Stuff to do(!) Sounds mad – as if you don’t have enough to do, what with popping out a tiny human BUT if you go in and stay in, but labour is slow, anything that will help you remain clam is crucial. This will be personal to you. Magazines, books, iPad… Jo took colouring books in case she wasn’t allowed in the pool for any reason. She knew she’d feel a bit rubbish if that was the case as she had her heart set on it, so wanted to ensure that she had a distraction.
Last but not least, hospital notes! We got so caught up in the nitty gritty, we nearly forgot to add what is arguably the most important item. Have these right at the top of your bag and to hand when you get to the hospital, ready to give to the midwife.
Bag Two: Baby’s Stuff
Nappies. Size 0 and size 1. Both of us only had Size 1 and they were massive, even though P was 7lb 9oz and M 8lb. Emergency dash to the supermarket for hubbies! Newborns go through up to 12 a day, FYI! The hospitals also have nappies, so don’t panic too much.
Cotton wool. Whilst you swear to God you need white spirit to remove that first poop, it’s all about cotton wool and warm water. (If you’ve had a water birth, Jo would recommend hanging out in the pool until the meconium has passed, though she did feel a bit bad for the HCA who drained it and found what is effectively tar stuck the bottom! It’s also handy for wiping the poop off yourself if little one relieves themselves on you, as happened to Lauren! Wherever it happens, you won’t care, you’ve just done an amazing thing!
Vests, babygros and soft hats. Remember that your baby has spent nine months in water. Scratchy manmade fibres will feel horrible. Keep it natural and gentle. Wash in non-biological detergent before packing.
Extra tip: like size 1 nappies, newborn clothes can be much too big. First Size or Tiny Baby bits are often useful in the beginning.
Muslins. Again, washed in non-bio. Useful for receiving and for when the midwives pat and wrap baby after birth – much softer than hospital towels.
Blanket. Thickness according to the season but always as soft as possible. Remember newborns don’t sweat so don’t be tempted to pile on the layers – one more layer than you’re wearing is a good guide.

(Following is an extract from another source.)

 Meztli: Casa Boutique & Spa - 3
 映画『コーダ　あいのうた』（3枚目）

Car seat. Hospitals generally won’t let you leave without seeing you put baby in their seat.
Bag Three: Birth Partner’s Stuff
Snacks for you and them. High energy items – nuts, seeds, dried fruit, cereal bars, jelly babies, glucose tablets, smoothies. Try to avoid anything that will give you a sugar or caffeine high and then a crash a few hours later. Labour is exhausting, without adding to the tiredness. That said, you also want to feel comforted and have a variety of options – what you think you might want to eat could turn your stomach on the day.
Phone and charger
Change for hospital car parking. Can total quite a lot, so plenty of coinage. Vending machines and cafeterias deplete your change too – take more than you think you’ll need.

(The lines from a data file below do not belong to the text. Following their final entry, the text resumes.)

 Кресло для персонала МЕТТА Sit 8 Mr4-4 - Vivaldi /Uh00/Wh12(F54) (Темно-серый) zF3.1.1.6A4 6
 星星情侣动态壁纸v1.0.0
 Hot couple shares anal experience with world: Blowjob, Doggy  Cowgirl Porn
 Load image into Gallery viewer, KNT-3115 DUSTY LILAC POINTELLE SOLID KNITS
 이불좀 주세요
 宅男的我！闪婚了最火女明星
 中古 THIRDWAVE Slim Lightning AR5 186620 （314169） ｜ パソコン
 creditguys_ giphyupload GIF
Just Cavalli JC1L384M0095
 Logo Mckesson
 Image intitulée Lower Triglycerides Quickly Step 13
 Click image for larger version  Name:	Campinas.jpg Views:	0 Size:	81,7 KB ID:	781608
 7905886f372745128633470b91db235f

Toiletries and a change of clothes
Shorts and t-shirt. If your partner is anything like our hubbies, they will overheat in the sauna-like temperature of the hospital.
Swimwear. Some hospitals allow partners to get in the birthing pool. If it’s something you would like to do, pack those Speedos!
You can see why we’d prefer a home birth if we have another baby!
Now all you need to do is stop your hubby eating the hospital snacks in the weeks before you give birth. We hope you have better luck than us with that!